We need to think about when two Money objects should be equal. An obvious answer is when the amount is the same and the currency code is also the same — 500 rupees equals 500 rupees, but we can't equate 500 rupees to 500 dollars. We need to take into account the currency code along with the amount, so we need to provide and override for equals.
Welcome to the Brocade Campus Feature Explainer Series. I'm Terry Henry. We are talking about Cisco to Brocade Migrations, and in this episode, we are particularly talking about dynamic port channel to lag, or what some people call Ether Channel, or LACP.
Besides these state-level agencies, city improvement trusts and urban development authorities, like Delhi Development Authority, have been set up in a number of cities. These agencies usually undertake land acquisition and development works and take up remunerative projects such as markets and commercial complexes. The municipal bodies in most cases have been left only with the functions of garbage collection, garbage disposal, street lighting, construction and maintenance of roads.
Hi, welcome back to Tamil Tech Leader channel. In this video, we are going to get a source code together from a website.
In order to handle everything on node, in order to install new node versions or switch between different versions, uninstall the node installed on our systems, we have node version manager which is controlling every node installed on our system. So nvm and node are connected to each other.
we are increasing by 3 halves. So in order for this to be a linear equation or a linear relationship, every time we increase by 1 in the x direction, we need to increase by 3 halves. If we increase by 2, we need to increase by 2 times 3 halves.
--
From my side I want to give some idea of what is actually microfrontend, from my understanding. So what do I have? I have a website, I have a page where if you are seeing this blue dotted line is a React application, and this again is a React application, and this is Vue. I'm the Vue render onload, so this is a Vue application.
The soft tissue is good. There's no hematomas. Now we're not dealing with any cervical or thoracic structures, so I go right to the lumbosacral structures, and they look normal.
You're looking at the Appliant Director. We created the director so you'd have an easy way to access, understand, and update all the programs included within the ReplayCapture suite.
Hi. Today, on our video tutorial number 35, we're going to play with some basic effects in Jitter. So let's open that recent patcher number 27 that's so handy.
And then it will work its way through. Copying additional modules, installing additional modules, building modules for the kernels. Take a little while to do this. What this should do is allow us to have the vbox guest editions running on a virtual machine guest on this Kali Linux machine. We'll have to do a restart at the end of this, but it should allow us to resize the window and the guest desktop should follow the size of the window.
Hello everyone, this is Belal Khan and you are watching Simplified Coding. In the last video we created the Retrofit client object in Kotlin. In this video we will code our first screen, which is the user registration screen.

Action item: Could you write out, exactly as they stand, only the lines above that begin at the line with "Hi. Today, on" and stop after the line with "Hello everyone, this"?

Output of the task:
Hi. Today, on our video tutorial number 35, we're going to play with some basic effects in Jitter. So let's open that recent patcher number 27 that's so handy.
And then it will work its way through. Copying additional modules, installing additional modules, building modules for the kernels. Take a little while to do this. What this should do is allow us to have the vbox guest editions running on a virtual machine guest on this Kali Linux machine. We'll have to do a restart at the end of this, but it should allow us to resize the window and the guest desktop should follow the size of the window.
Hello everyone, this is Belal Khan and you are watching Simplified Coding. In the last video we created the Retrofit client object in Kotlin. In this video we will code our first screen, which is the user registration screen.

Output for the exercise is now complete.